封筒
ここは「預り屋」。
預けたいものなら何でも預ります。それが形あるものでも、無いものでも、何でも。
そう言って微笑む彼のもとに来てから、何度季節が巡ったのか、私は知らない。
色の禿げた窓枠から薄いレースを介して入ってくる柔らかな陽の光。
髪を揺らす心地の良い風。
時折訪れる、様々な思いを、そして預けものを抱えているお客様。
優しい微笑みと共に私の名前を呼ぶあの人。
ここに預けられている様々なもの。
それを知るだけの時間をこの店で過ごしているけれど、私は、『預り屋』のどれだけのことを知っているのだろうか。
いつものお茶の時間になっても部屋に表れないシキさんを探しに廊下に出ると、左斜め前三つ目の扉が開いて、探していた人物がそこから顔を出した。
何故か埃まみれで。
「リオ、もしかしてお茶の時間だったかな?」
「…ええ…」
どうやら追求しないでおくのがこの状況では適切らしい。しかしそのままでいられると後の掃除が大変なので、手で肩や服についた埃を払うシキさんを手伝う。届かないところはシキさんに屈んでもらった。

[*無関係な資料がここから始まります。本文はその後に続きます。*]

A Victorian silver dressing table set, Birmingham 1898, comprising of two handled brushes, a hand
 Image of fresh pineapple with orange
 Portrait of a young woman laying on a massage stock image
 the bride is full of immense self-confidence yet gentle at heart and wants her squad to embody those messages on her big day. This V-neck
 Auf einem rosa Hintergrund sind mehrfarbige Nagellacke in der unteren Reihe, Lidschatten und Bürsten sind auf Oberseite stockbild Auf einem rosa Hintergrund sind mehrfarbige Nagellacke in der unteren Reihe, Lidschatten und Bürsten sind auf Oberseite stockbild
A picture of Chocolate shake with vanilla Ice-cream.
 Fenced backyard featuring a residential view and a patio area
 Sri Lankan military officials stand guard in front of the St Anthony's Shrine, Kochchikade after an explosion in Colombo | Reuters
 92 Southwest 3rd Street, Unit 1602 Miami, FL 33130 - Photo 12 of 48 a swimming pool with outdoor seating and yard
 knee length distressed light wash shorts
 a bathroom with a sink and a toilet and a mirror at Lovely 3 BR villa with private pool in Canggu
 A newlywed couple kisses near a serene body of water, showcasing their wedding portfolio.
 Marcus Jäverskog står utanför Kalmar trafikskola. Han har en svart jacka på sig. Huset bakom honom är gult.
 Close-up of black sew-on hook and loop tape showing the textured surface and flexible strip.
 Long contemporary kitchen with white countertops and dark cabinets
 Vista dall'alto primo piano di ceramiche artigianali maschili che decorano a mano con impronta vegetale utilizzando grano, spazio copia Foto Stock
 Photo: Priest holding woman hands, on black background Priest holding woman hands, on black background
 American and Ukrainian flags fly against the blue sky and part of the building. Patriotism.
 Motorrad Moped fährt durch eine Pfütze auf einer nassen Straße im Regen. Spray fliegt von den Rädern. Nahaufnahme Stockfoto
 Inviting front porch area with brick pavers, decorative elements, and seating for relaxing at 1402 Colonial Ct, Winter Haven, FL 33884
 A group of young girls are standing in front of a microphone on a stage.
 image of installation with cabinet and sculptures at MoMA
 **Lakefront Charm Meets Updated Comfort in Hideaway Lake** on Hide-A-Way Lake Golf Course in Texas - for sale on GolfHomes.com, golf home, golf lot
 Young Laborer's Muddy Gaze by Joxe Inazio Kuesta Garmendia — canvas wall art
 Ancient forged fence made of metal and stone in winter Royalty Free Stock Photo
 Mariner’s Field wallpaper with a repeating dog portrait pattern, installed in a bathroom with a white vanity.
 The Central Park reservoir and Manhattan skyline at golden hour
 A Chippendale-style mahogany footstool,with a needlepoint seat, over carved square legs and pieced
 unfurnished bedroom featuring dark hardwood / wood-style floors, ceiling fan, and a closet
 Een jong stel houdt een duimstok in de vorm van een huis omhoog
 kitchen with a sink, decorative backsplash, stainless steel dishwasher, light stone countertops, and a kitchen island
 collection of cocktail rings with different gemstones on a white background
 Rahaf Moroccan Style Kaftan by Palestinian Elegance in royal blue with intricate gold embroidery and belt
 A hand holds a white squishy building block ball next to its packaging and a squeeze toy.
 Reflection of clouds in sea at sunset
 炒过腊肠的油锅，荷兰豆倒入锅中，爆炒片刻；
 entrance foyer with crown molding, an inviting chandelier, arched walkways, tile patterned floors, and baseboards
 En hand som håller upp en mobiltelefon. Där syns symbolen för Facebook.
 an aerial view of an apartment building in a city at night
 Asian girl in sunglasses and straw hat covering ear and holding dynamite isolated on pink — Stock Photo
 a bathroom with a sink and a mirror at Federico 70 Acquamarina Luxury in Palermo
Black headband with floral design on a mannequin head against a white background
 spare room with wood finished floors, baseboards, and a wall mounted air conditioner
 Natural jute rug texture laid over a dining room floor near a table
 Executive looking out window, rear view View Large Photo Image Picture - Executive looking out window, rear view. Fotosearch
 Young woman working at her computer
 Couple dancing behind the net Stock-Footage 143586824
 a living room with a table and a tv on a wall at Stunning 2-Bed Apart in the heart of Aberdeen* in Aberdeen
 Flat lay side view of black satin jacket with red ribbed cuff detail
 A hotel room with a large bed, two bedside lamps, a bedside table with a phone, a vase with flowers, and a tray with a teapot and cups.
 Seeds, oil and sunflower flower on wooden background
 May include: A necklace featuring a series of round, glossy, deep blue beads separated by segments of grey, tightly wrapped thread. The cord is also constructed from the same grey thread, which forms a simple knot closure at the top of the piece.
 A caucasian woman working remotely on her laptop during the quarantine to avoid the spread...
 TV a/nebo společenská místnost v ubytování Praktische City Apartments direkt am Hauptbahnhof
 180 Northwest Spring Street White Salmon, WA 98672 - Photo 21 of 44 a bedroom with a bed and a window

一通り払ったところでシキさんはありがとう、と微笑むと部屋の中に入った。
「ところで、何を探していたんですか?」
「ああ…封筒をね、探してたんだ」
「封筒…ですか?」
「うん、普通の茶封筒。どうも風に飛ばされたらしくて…」
困ったという表情でほこりを払う。いい天気だからと、あちこちの窓やドアを開けて空気の入れ替えをしていたのが悪かったらしい。
開け放たれた窓を見て、ふと思い立つ。
「もしかして、外に飛ばされてしまったのでは…」
「いや、それは絶対にないよ」
疑問に思ったことを口に出すと、即座に否定された。その否定の仕方がなんだかシキさんらしくなくて、首を傾げる。そんな私に気付いたのか、シキさんは苦笑しながら言葉を続けた。
「前に、ここが外とは違うと話したことがあったよね」
それなら覚えている。
『預り屋』は、確かに外と繋がっている。時間も、場所も、「今」に繋がっている。しかし、店自体の存在は曖昧なもの。ここを必要とする人しか気づくことはできないし、まして入ることもできない。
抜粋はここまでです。